═══ Data extracts ═══

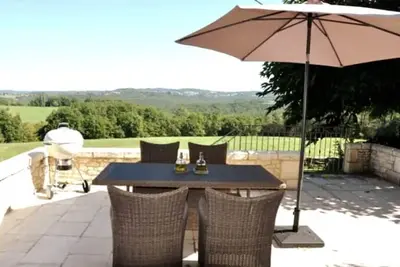 Image de Domaine des Grands Bois, La Tour du Fauconnier★★★★ 2 chambres climatisées 4 pers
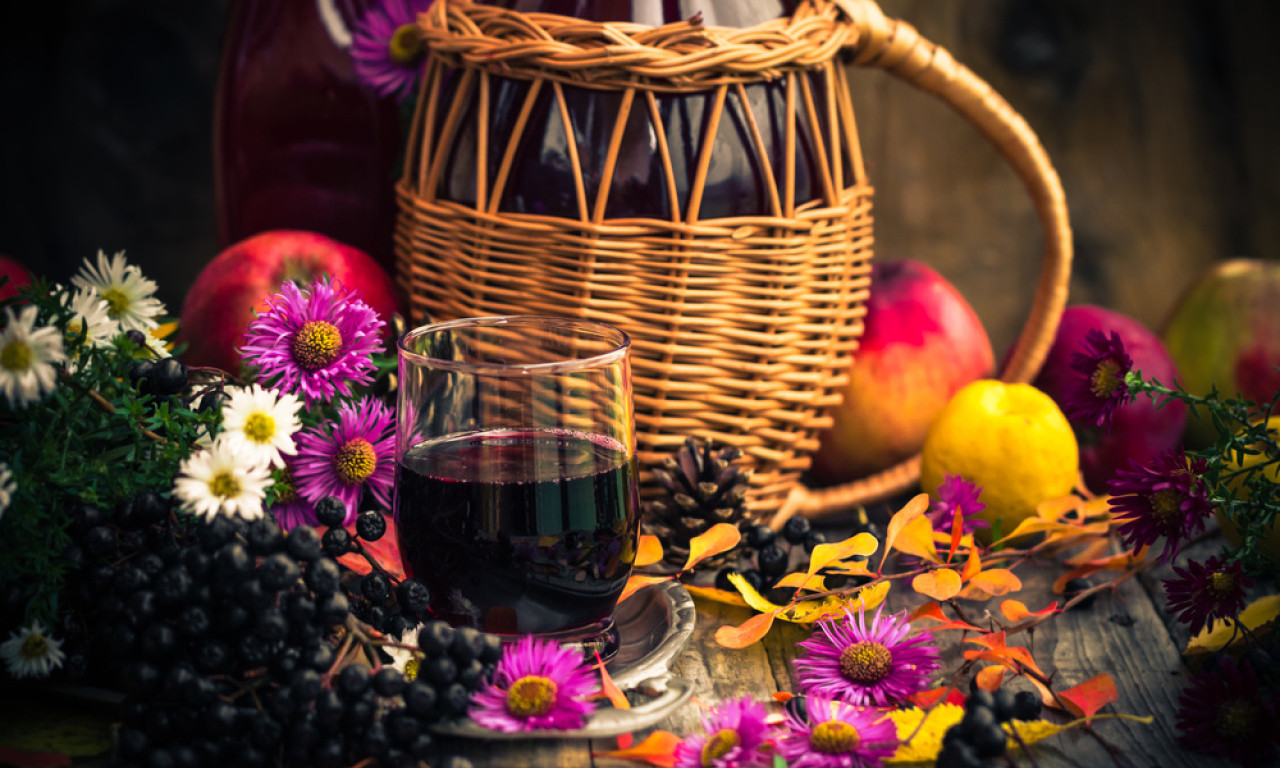 DOMAĆI LIKER OD ARONIJE Recepti za najzdravije domaće piće!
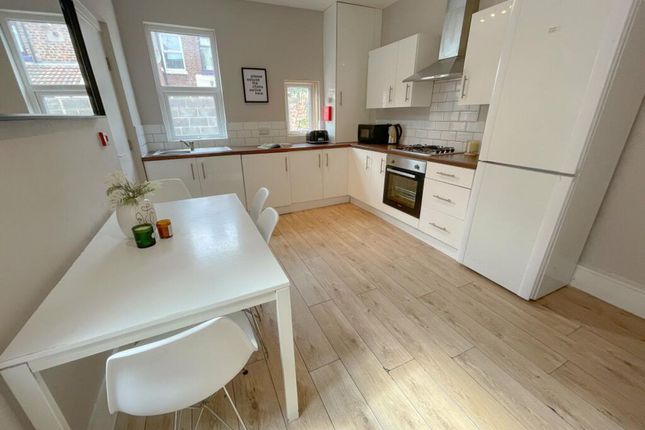 5 bedroom terraced house for sale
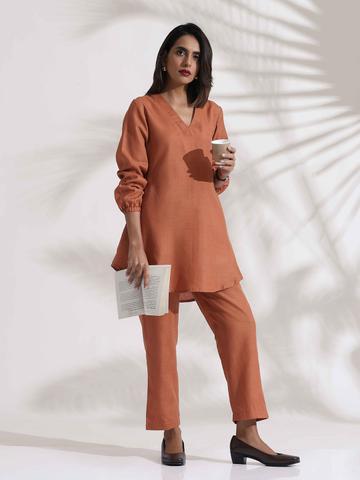 trueBrowns V-Neck Slub Tunic With Trousers
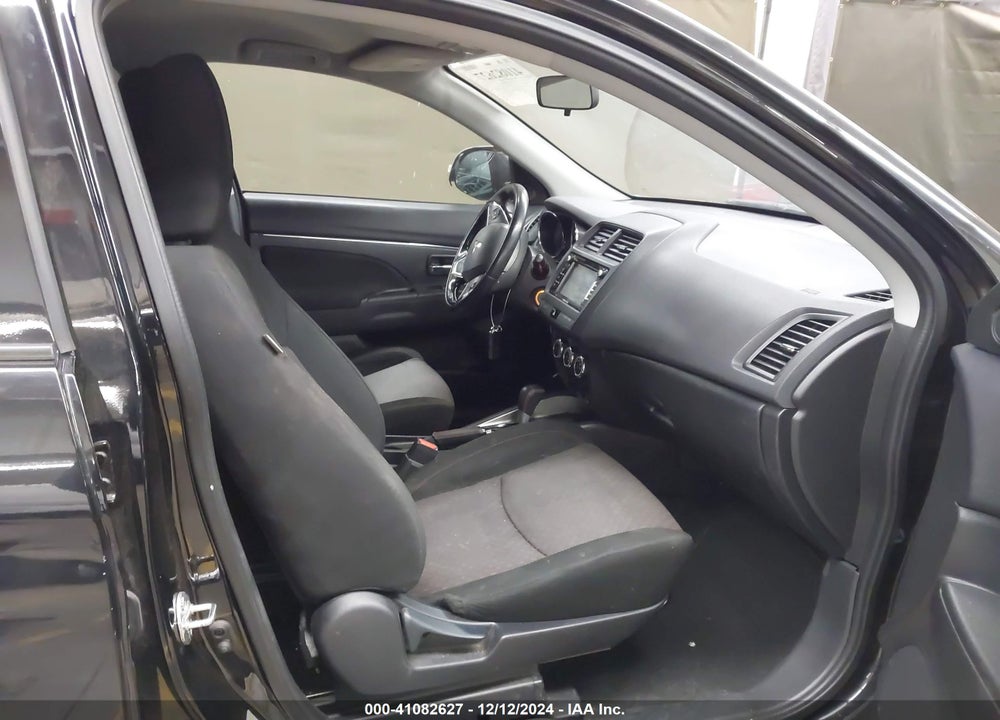 2018 MITSUBISHI OUTLANDER SPORT 2.0 LE VIN: JA4AR3AU6JZ020807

═══

**Work task:** What's needed is an exact retyping of the records, pictures excluded.

**Exercise answer:**
 Image de Domaine des Grands Bois, La Tour du Fauconnier★★★★ 2 chambres climatisées 4 pers
 DOMAĆI LIKER OD ARONIJE Recepti za najzdravije domaće piće!
 5 bedroom terraced house for sale
 trueBrowns V-Neck Slub Tunic With Trousers
 2018 MITSUBISHI OUTLANDER SPORT 2.0 LE VIN: JA4AR3AU6JZ020807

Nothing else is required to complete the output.